Data entries
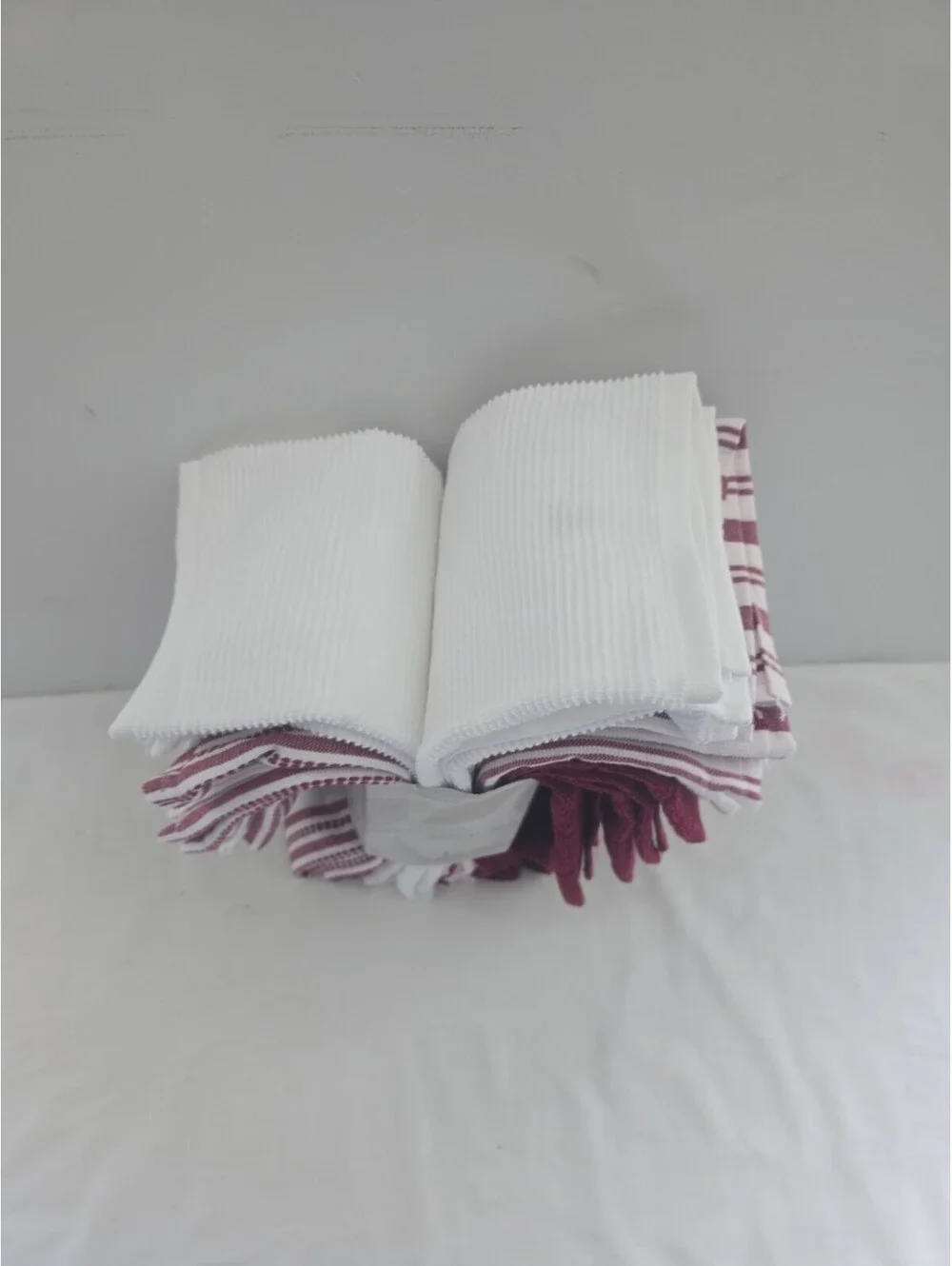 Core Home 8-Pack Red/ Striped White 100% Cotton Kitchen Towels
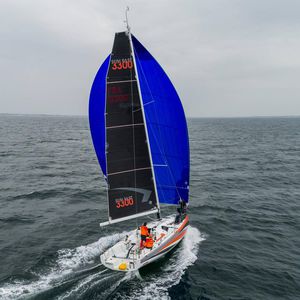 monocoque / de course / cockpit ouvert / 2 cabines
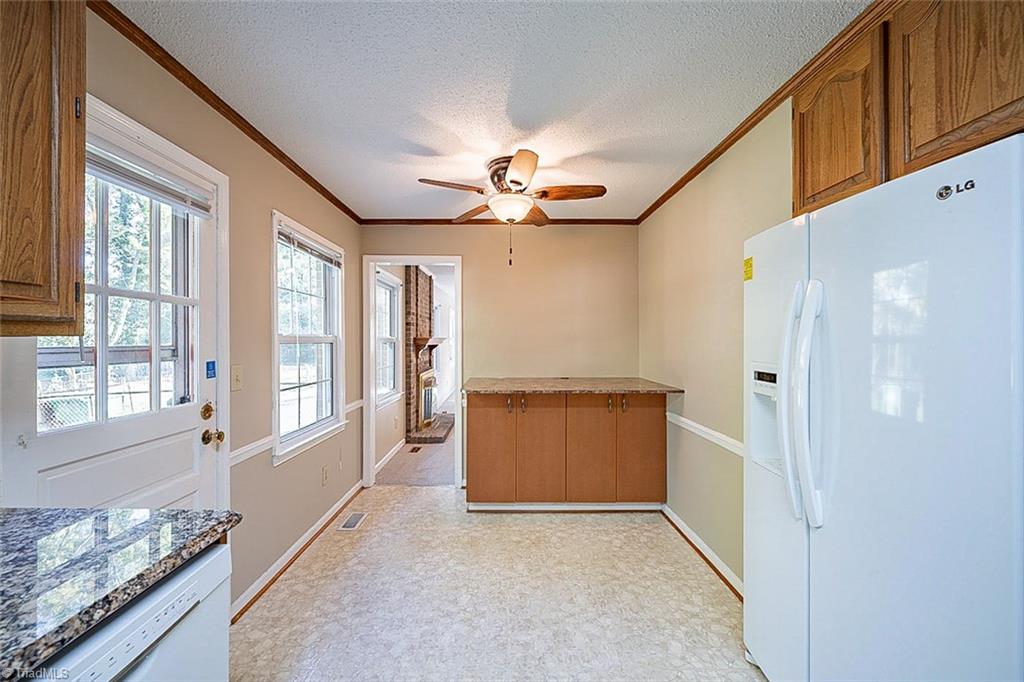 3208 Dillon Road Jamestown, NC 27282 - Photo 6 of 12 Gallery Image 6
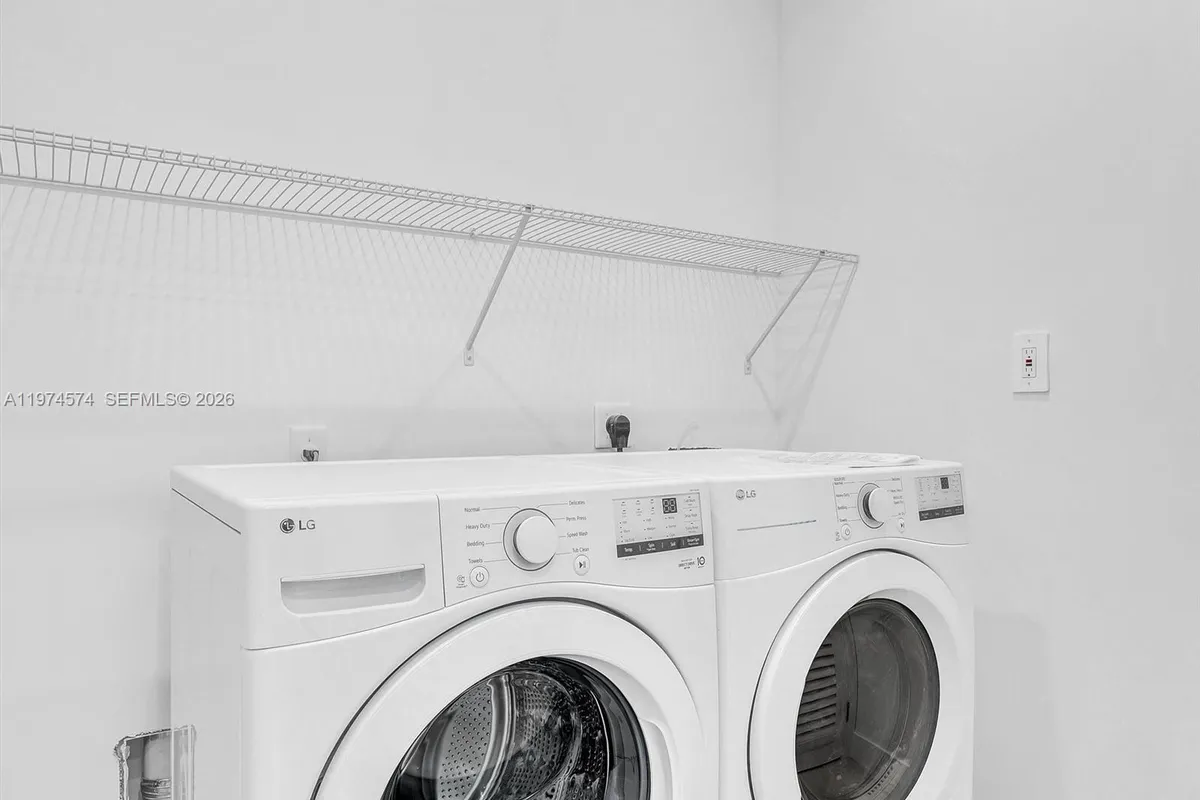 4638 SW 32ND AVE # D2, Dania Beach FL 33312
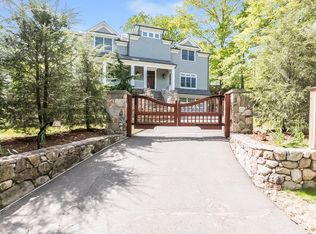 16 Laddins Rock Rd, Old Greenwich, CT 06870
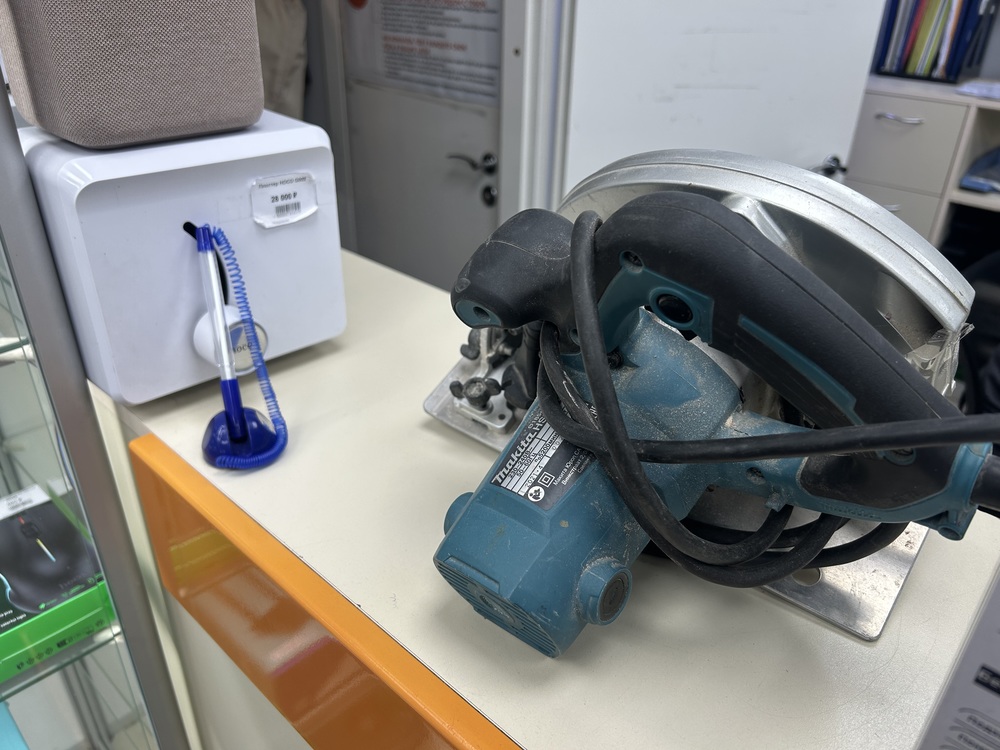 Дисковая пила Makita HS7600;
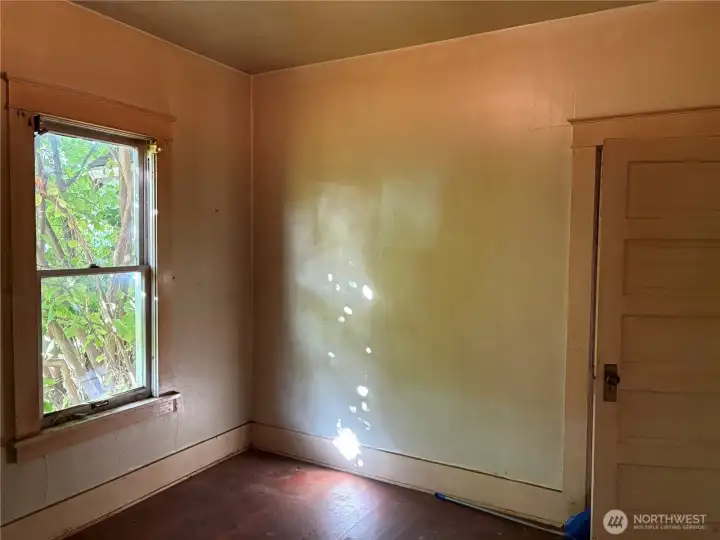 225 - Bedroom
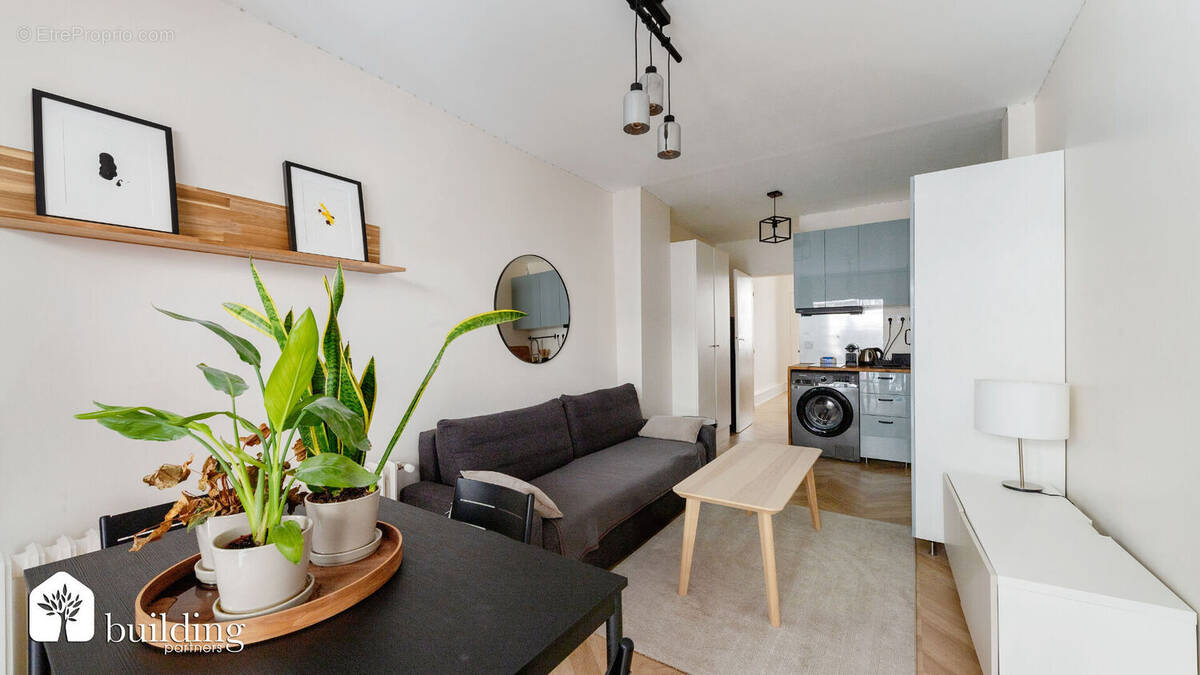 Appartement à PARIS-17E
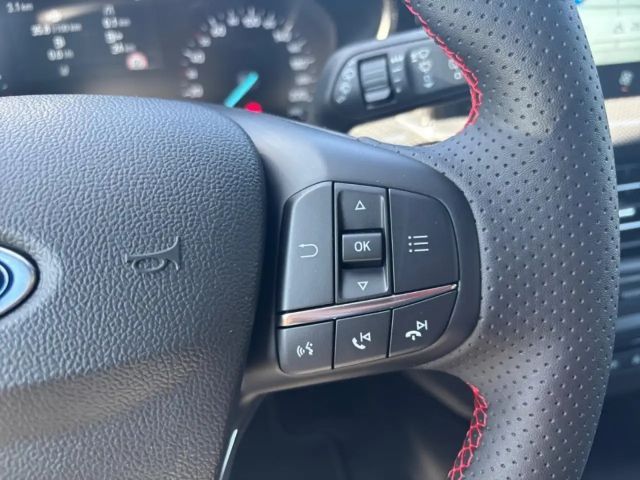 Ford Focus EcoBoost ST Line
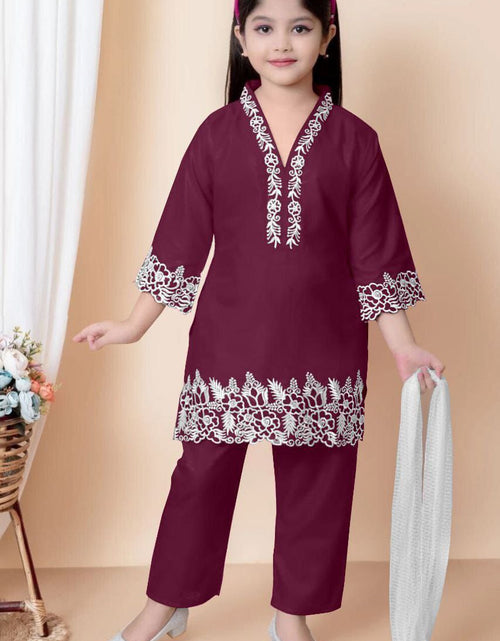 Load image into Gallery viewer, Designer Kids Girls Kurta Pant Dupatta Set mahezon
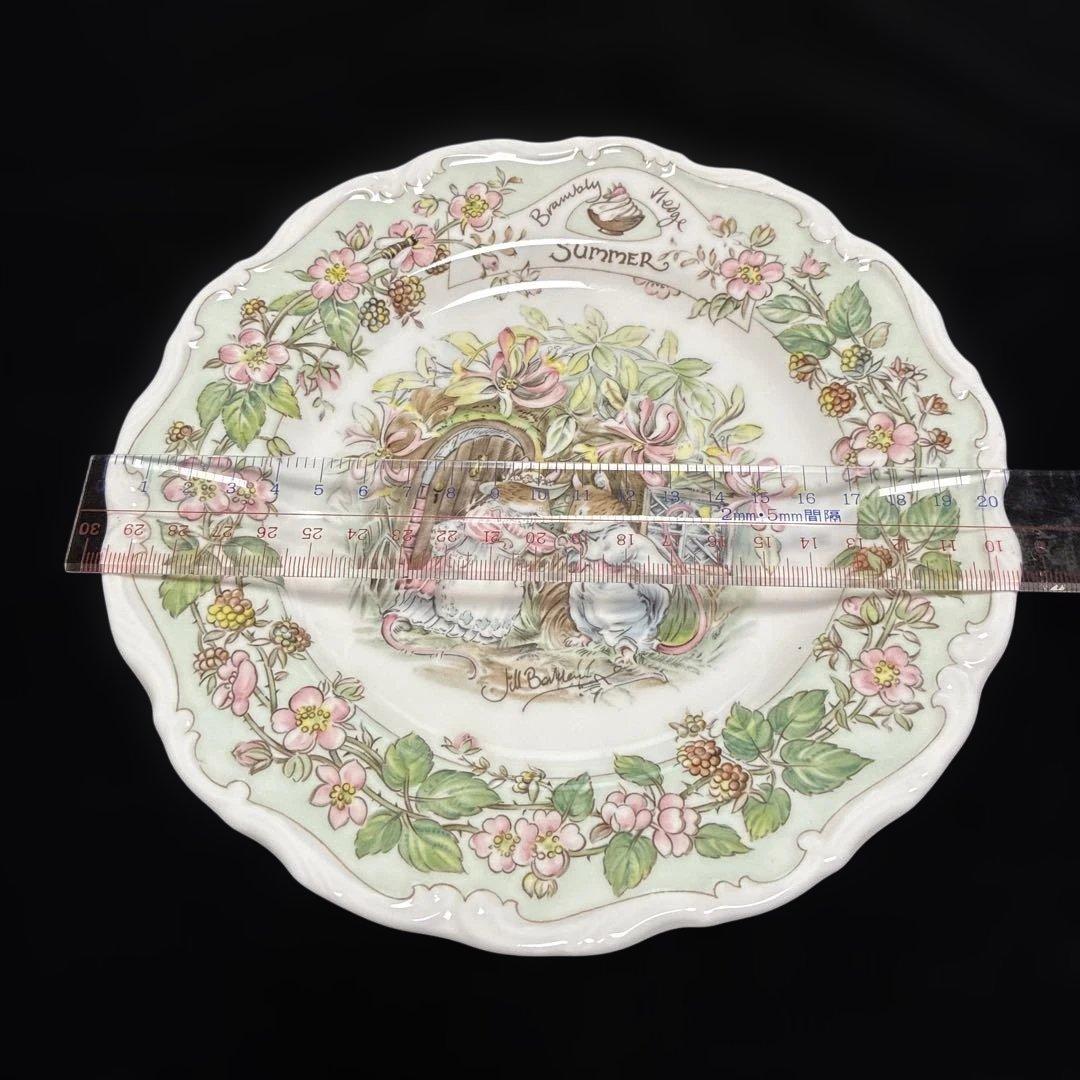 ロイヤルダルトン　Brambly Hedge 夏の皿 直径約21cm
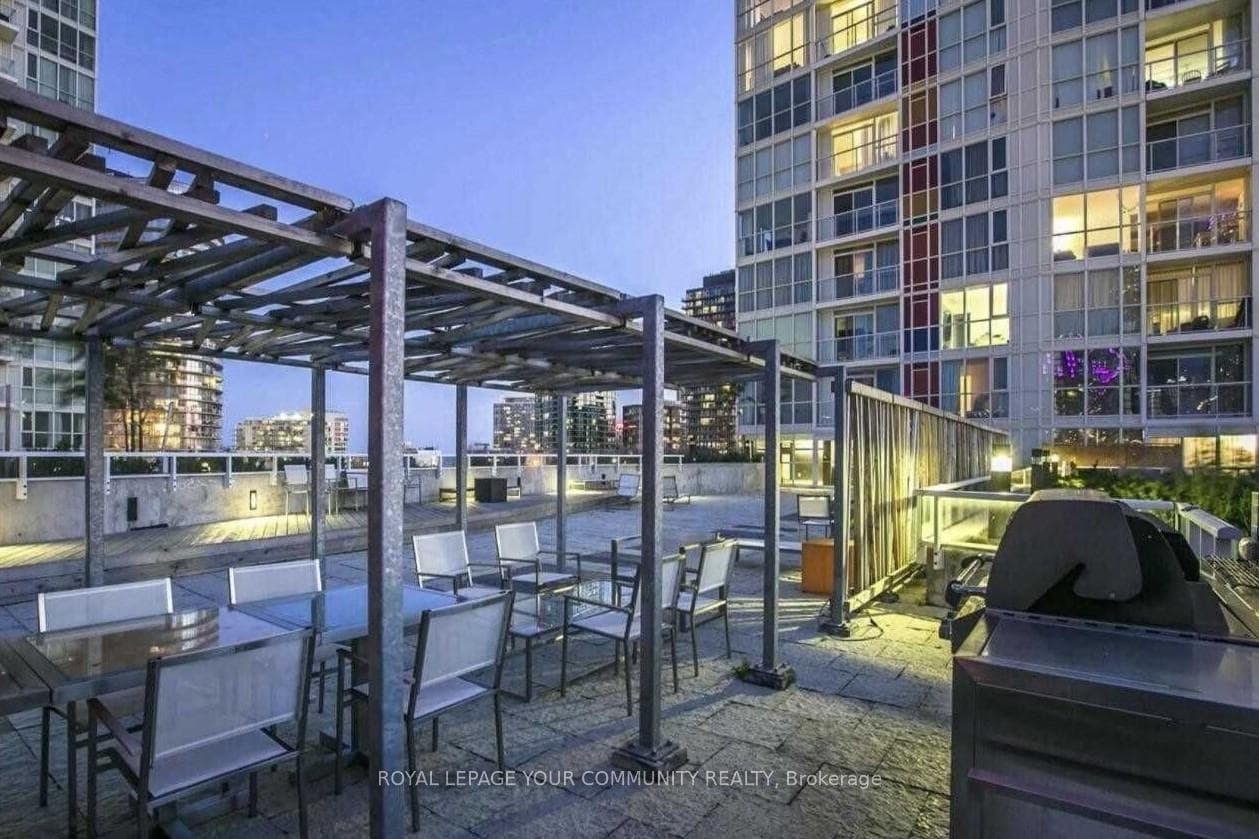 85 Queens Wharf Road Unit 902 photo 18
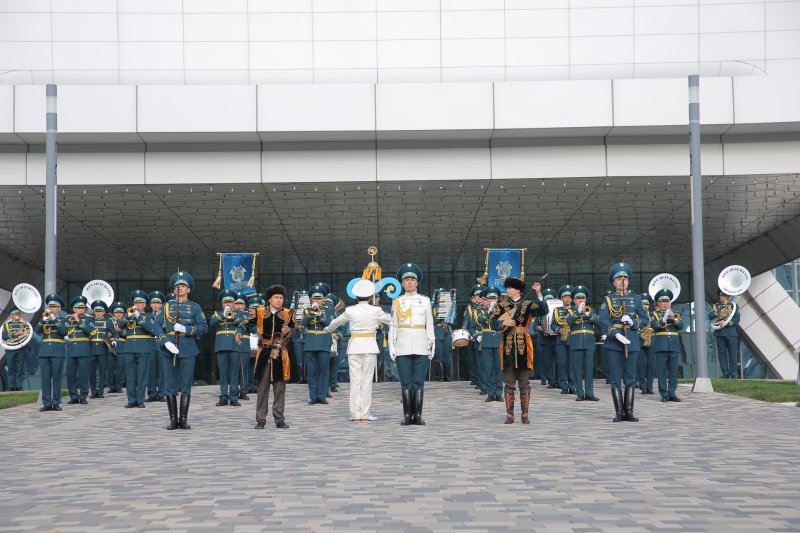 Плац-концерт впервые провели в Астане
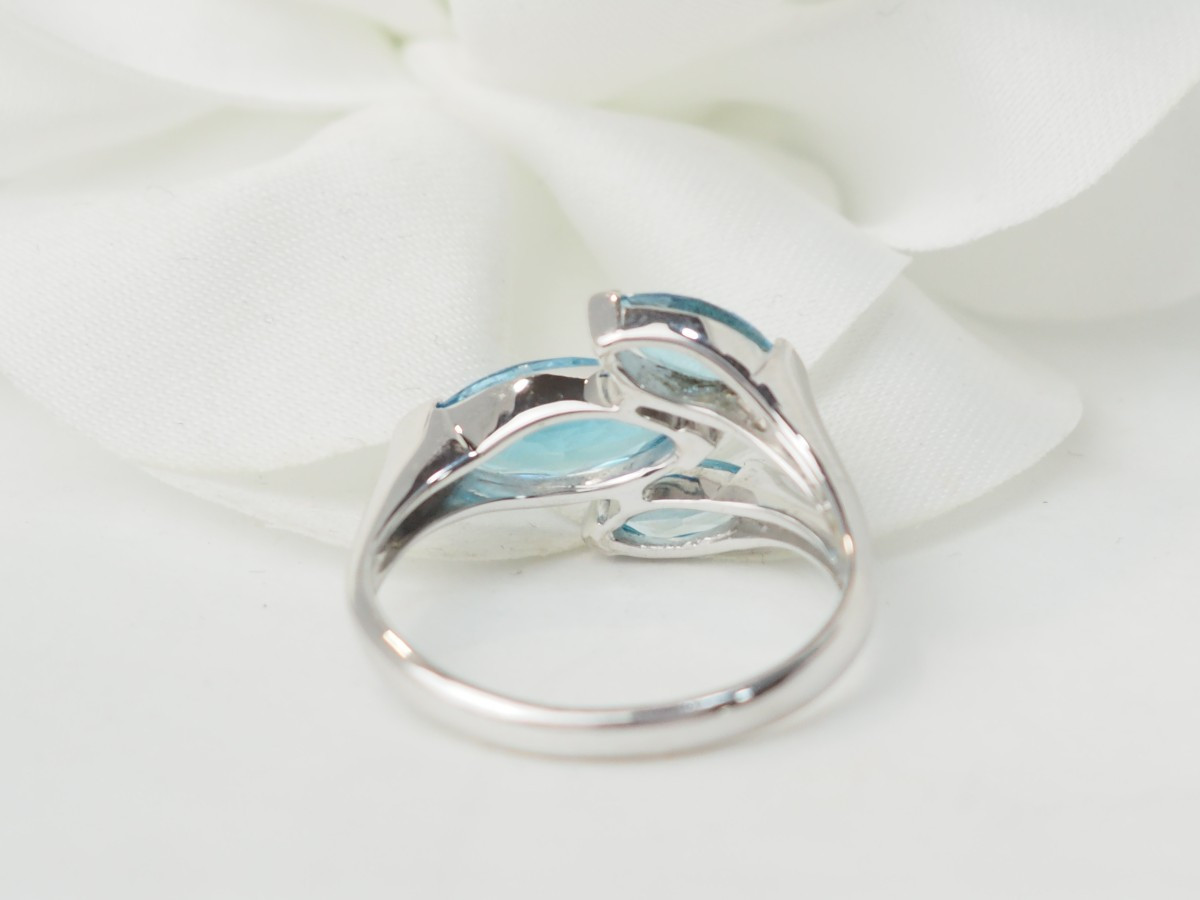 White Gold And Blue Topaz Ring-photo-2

◆ **What the task requires**
Reproduce verbatim every line starting at the line that holds "Appartement à PARIS-17E" and ending with the final line of the data; omit the pictures.

◆ **Solution below**
 Appartement à PARIS-17E
 Ford Focus EcoBoost ST Line
 Load image into Gallery viewer, Designer Kids Girls Kurta Pant Dupatta Set mahezon
 ロイヤルダルトン　Brambly Hedge 夏の皿 直径約21cm
 85 Queens Wharf Road Unit 902 photo 18
 Плац-концерт впервые провели в Астане
 White Gold And Blue Topaz Ring-photo-2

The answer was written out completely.